Nothing after the line with "Electric Bubble Machine" belongs in the copy; extract the lines below from the top through that line, pictures left out.

Top of Dataset content

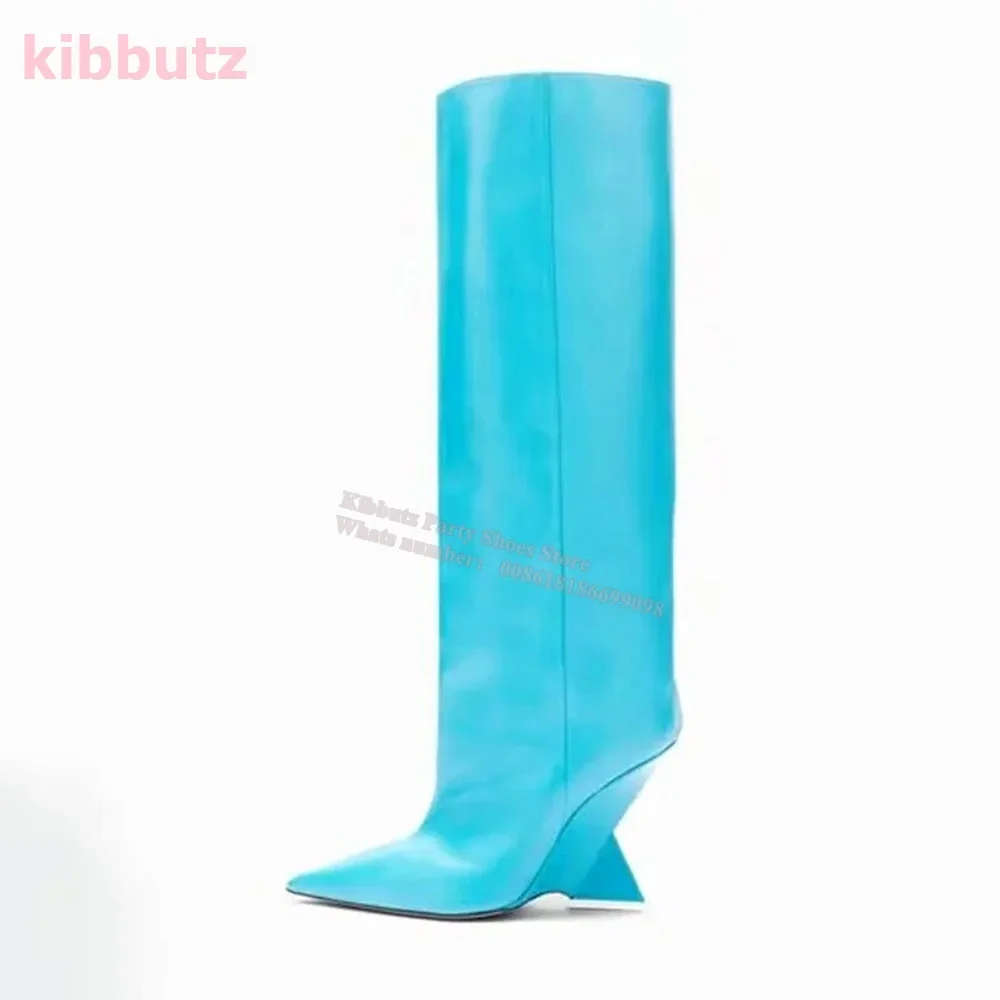 Suede Boots Knee High Strange Heel Solid Color Genuine Leather Pointy Slip-On Fashion Party Dress Women Shoes Luxury Elegant New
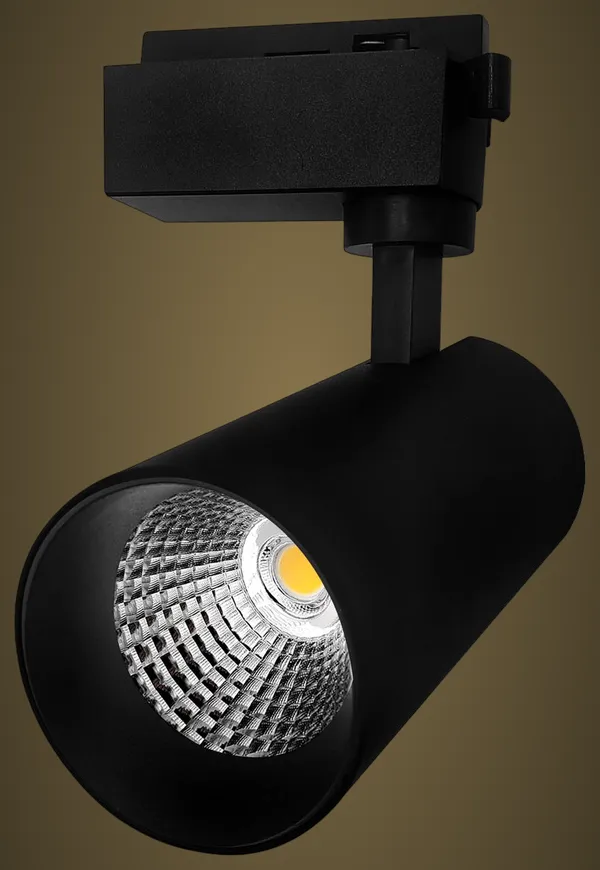 Led_Track_Light_Black_Cylindrical_Spotlight_With_Adjustable_Mounting_Warm_Light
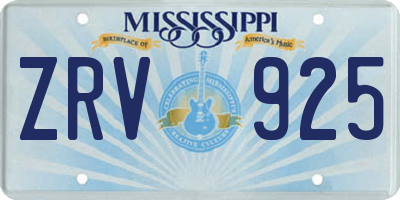 MS license plate ZRV925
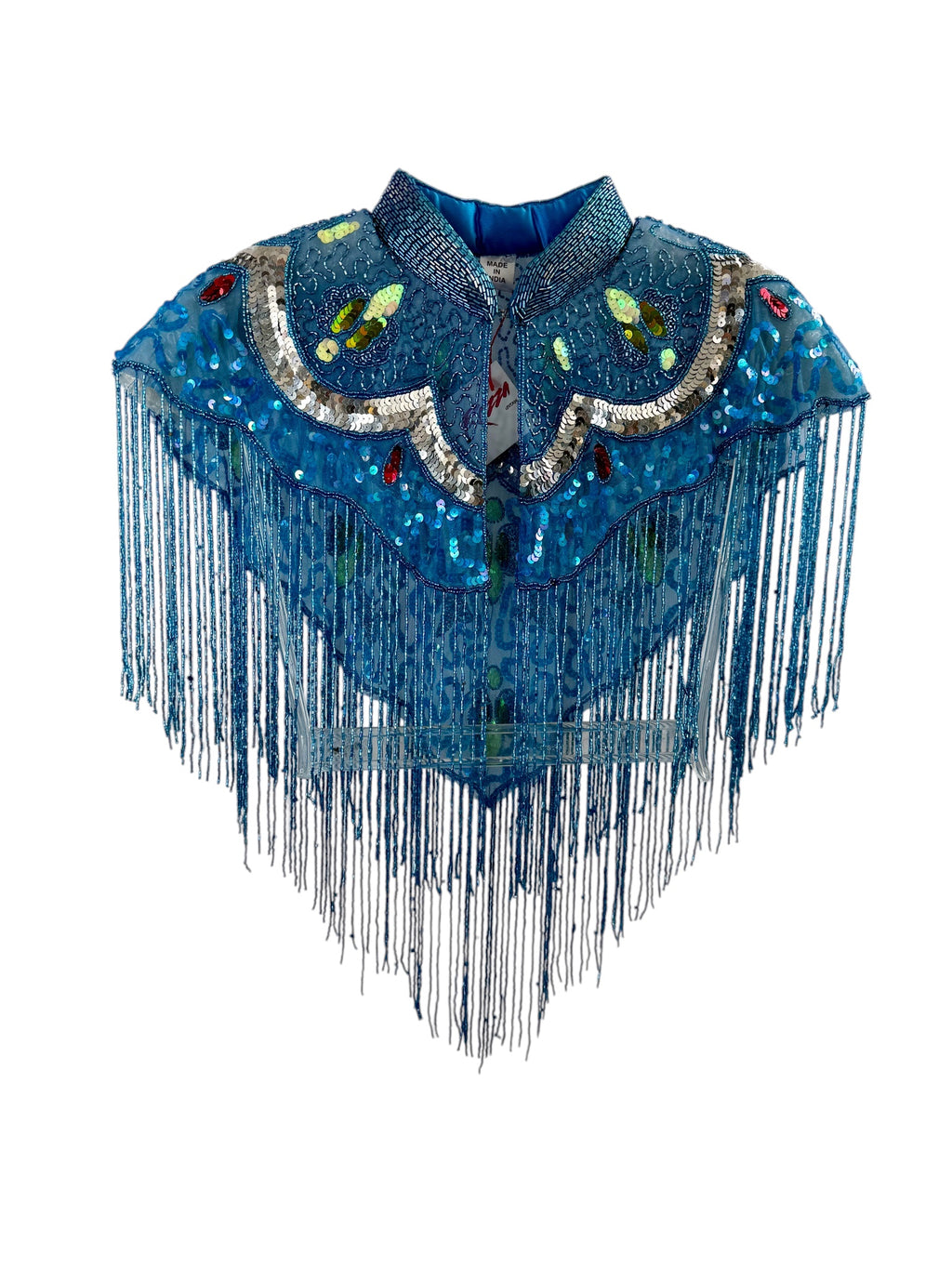 Blue Beaded Fringe Capelet
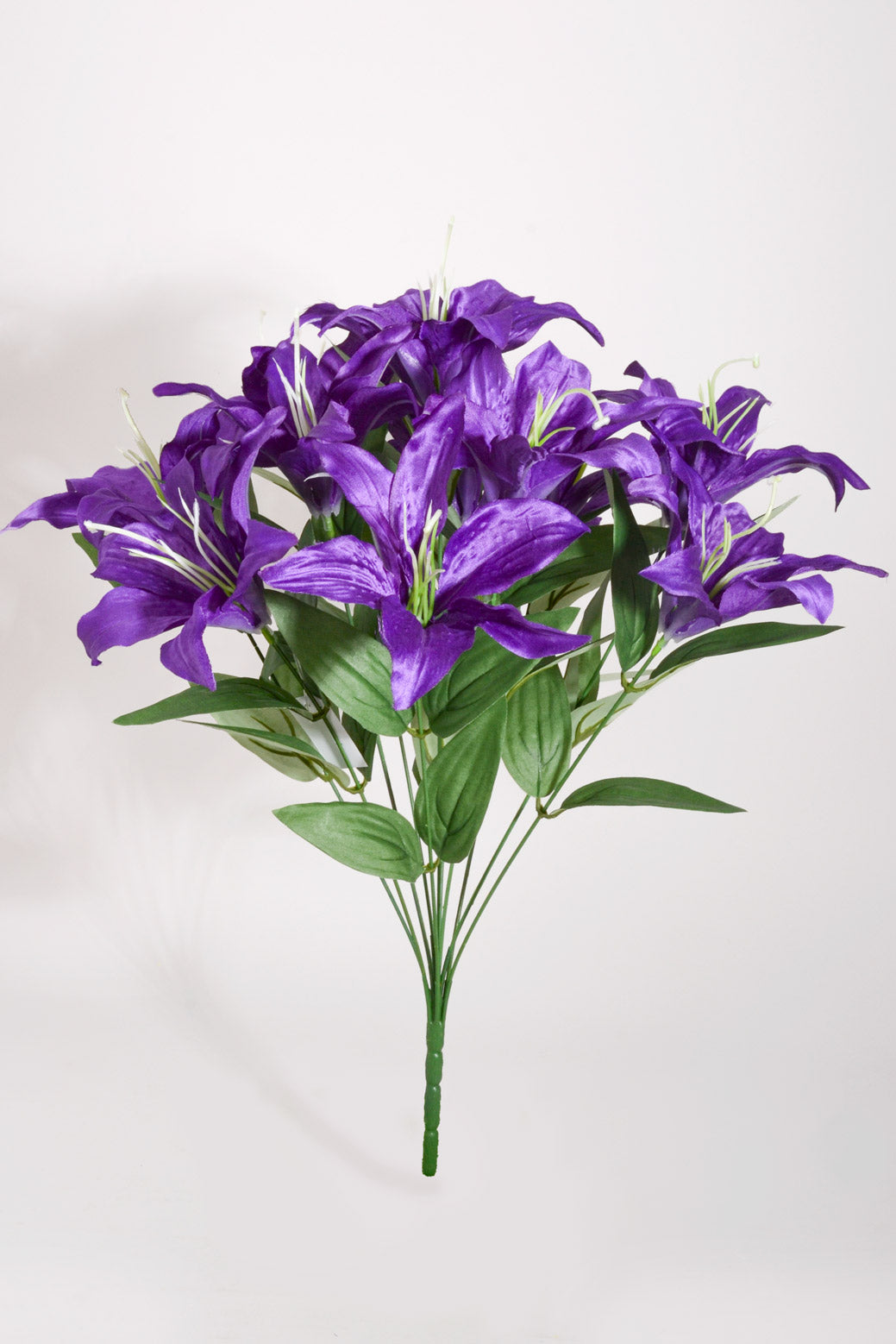 19" Silk Tiger Lily Bush Purple
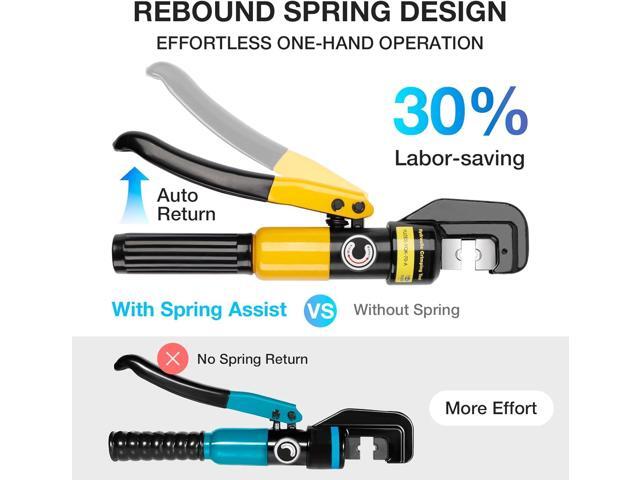 YUZES Hydraulic Crimping Tool 10 Tons, 12 AWG to 2/0 Battery Cable Crimper Tool with 9 Dies, Easy to Operate Hydraulic Wire Crimping Tool Kit for...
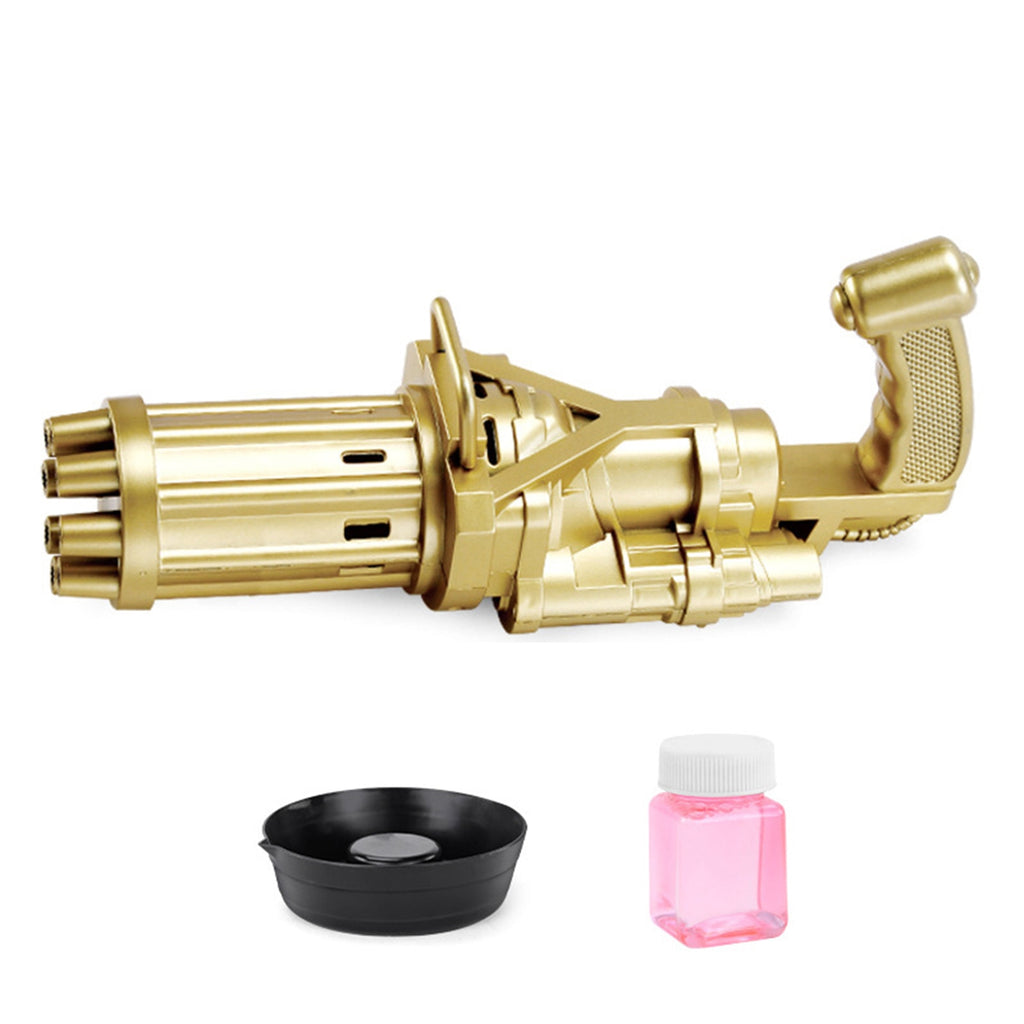 Electric Bubble Machine Black Gold Gold Gatling Bubble Gun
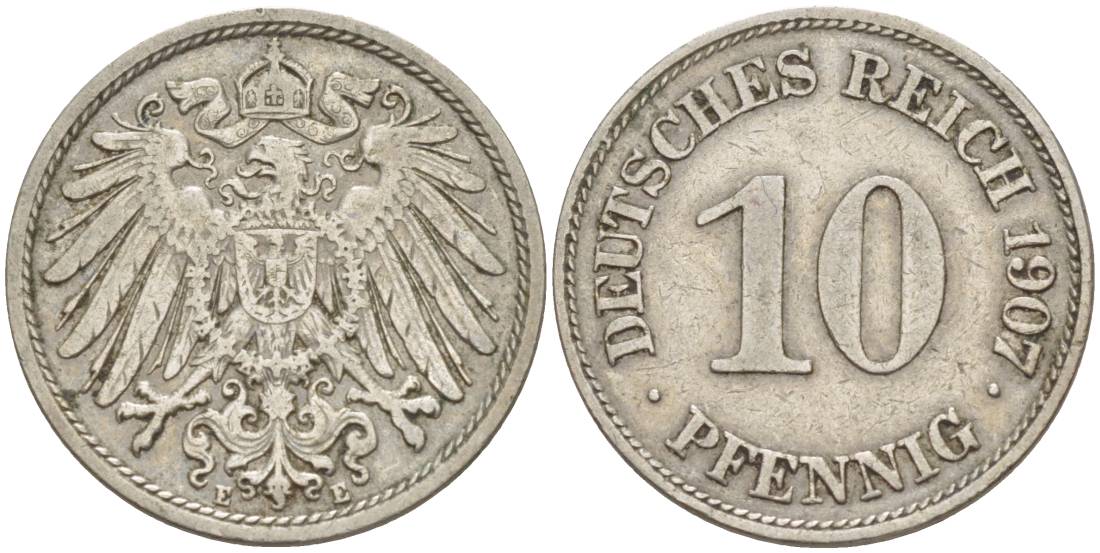 Германия 10 пфеннигов 1907 E KM 12, Jager 13, Weege 8 медно-никель 219-133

Bottom of Dataset content

### Response area
 Suede Boots Knee High Strange Heel Solid Color Genuine Leather Pointy Slip-On Fashion Party Dress Women Shoes Luxury Elegant New
 Led_Track_Light_Black_Cylindrical_Spotlight_With_Adjustable_Mounting_Warm_Light
 MS license plate ZRV925
 Blue Beaded Fringe Capelet
 19" Silk Tiger Lily Bush Purple
 YUZES Hydraulic Crimping Tool 10 Tons, 12 AWG to 2/0 Battery Cable Crimper Tool with 9 Dies, Easy to Operate Hydraulic Wire Crimping Tool Kit for...
 Electric Bubble Machine Black Gold Gold Gatling Bubble Gun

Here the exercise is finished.